**REQUIREMENT:** Return, exactly and with nothing added, the line with "Beige Cotton Casual Pants" together with all lines after it through the end of the data below. No pictures belong in the copy.

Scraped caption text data

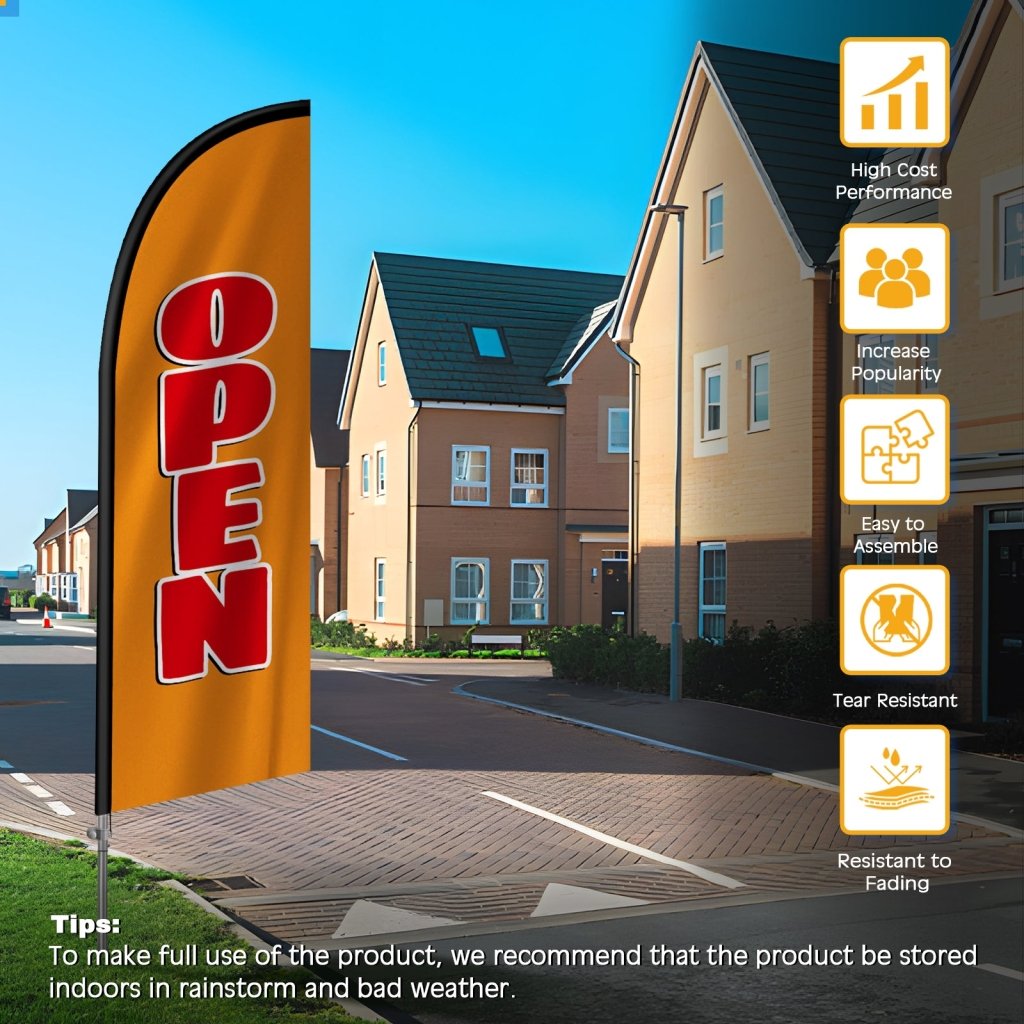 8FT Open orange&red Banner Feather Flag with Stainless Steel Pole Kit(2m flag set)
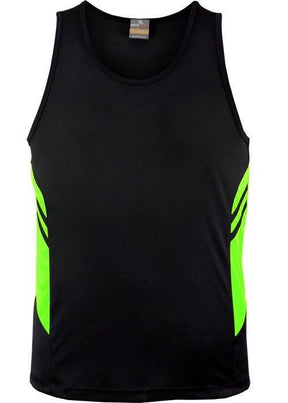 Kids Tasman Singlet Black/Neon Green - Nordic Sport Australia Pty Ltd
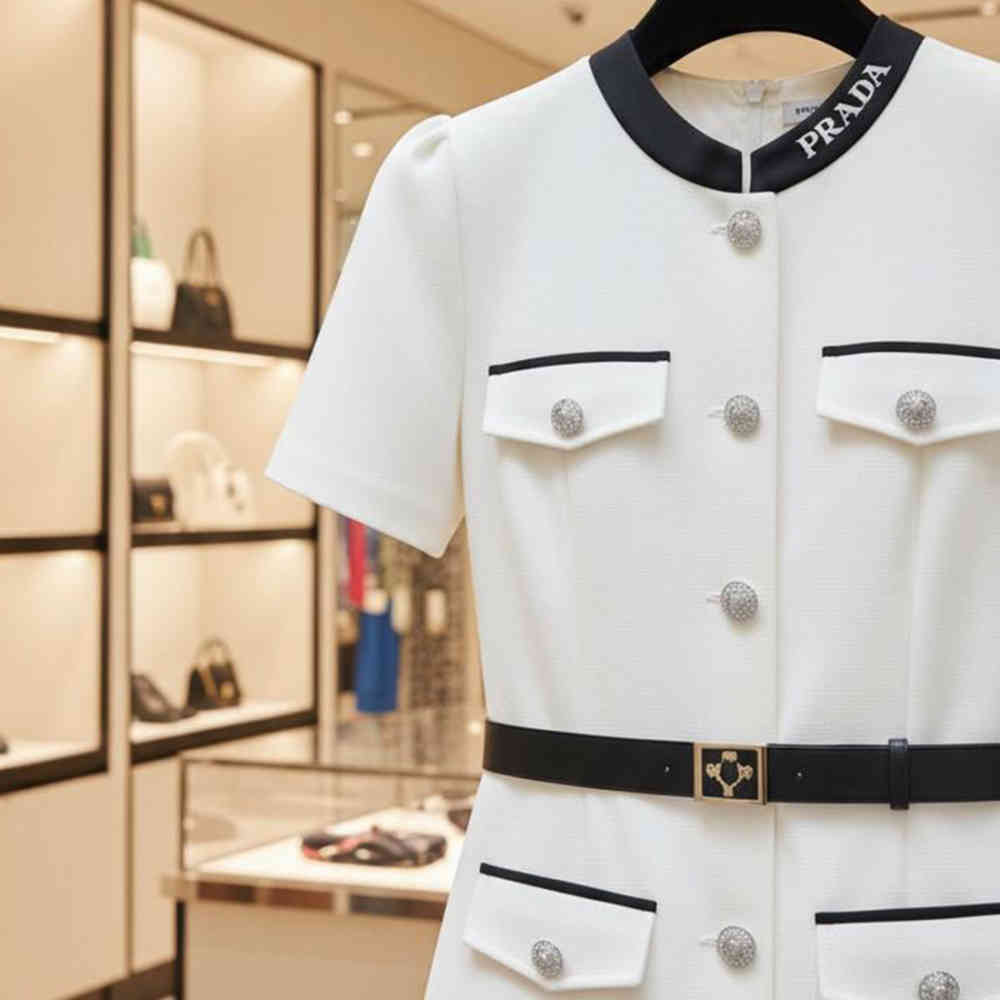 Prada White Premium Quality Dress-thumb-3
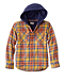 Kids' Fleece-Lined Flannel Shirt Hooded Plaid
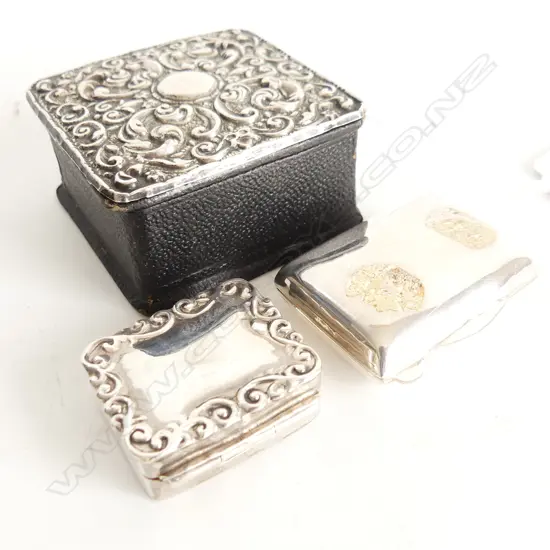 TWO 925 SILVER STAMP BOXES + SM SILVER LIDDED LEATHER BOX (52 X 52mm)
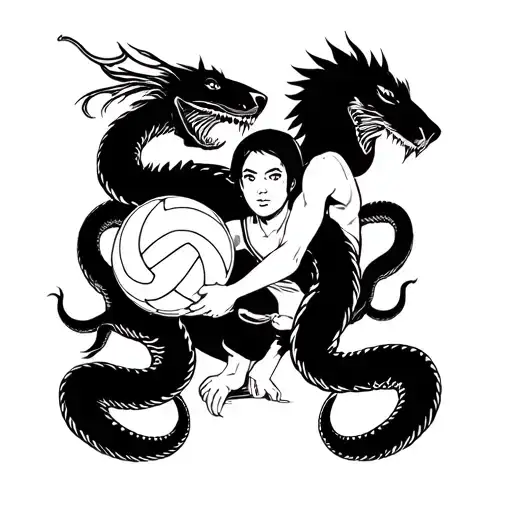 An anime-style scene of a dish washer battling mythical creatures with a volleyball as a shield, surrounded by snakes in a blackwork design tattoo design idea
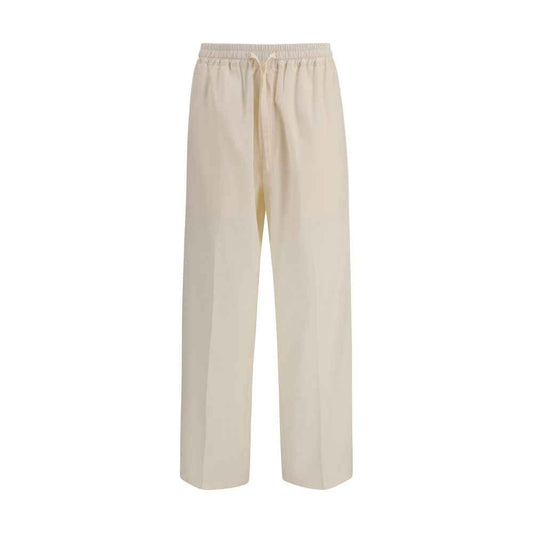 Beige Cotton Casual Pants
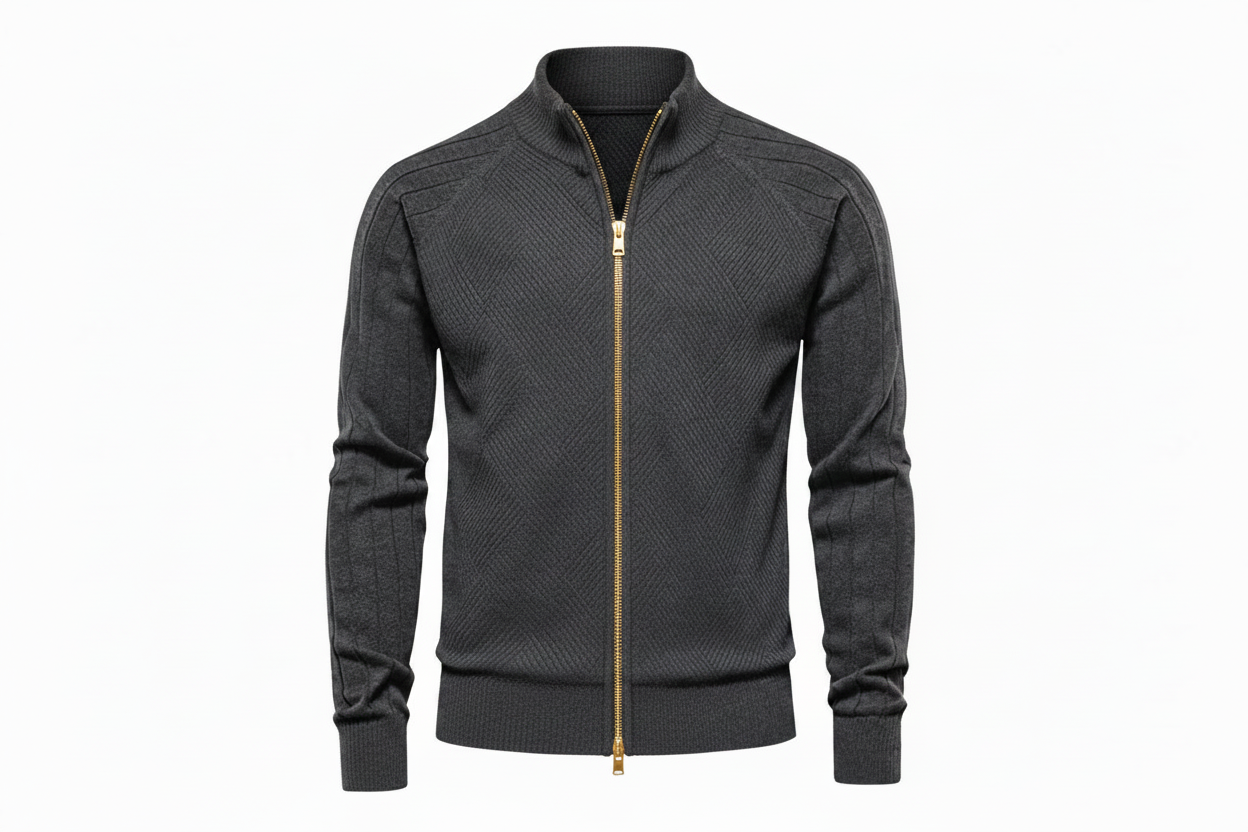 Pull Zippé Texturé Homme
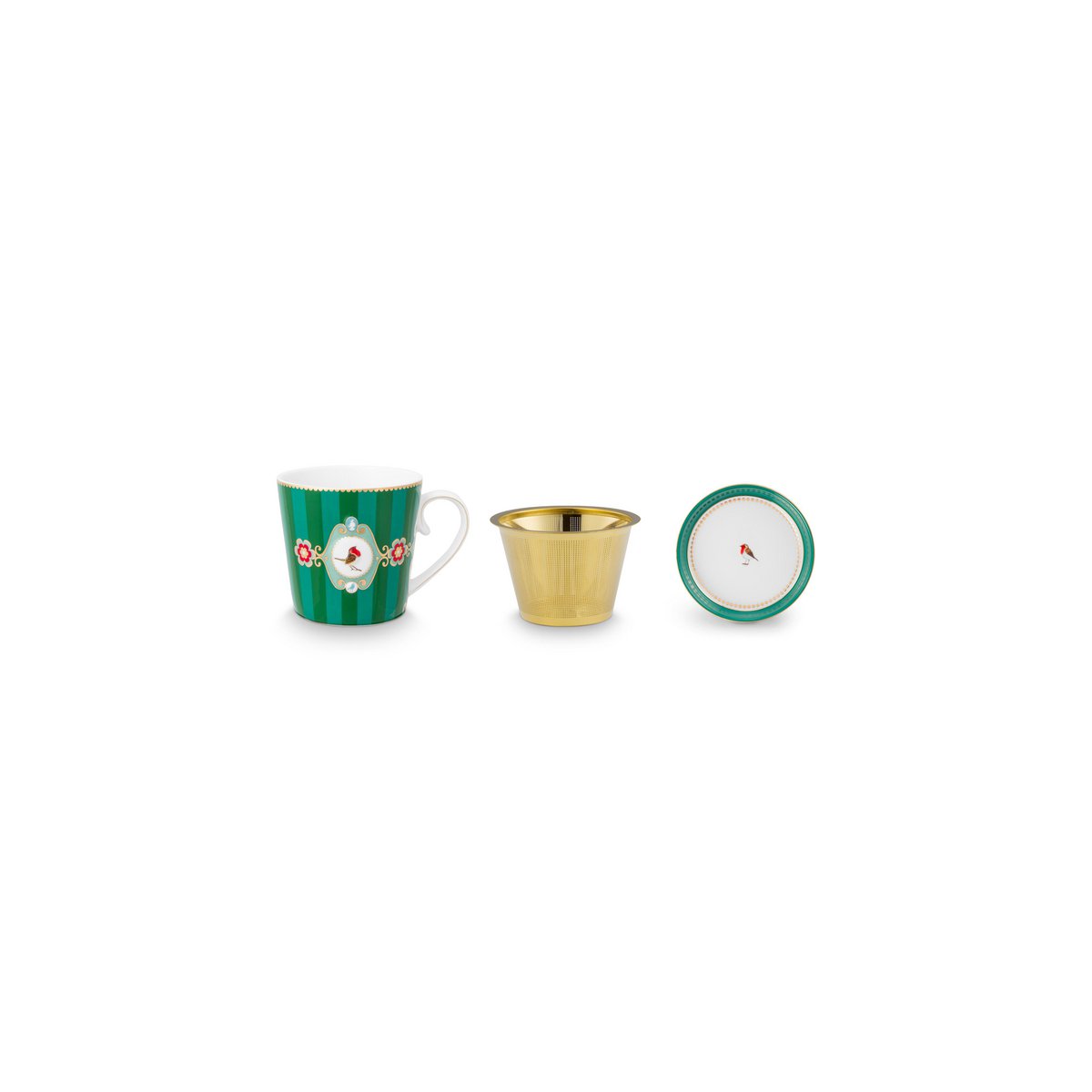 Tea for One Love Birds Medallion Stripes Emerald-Green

**ANSWER BOX:**
 Beige Cotton Casual Pants
 Pull Zippé Texturé Homme
 Tea for One Love Birds Medallion Stripes Emerald-Green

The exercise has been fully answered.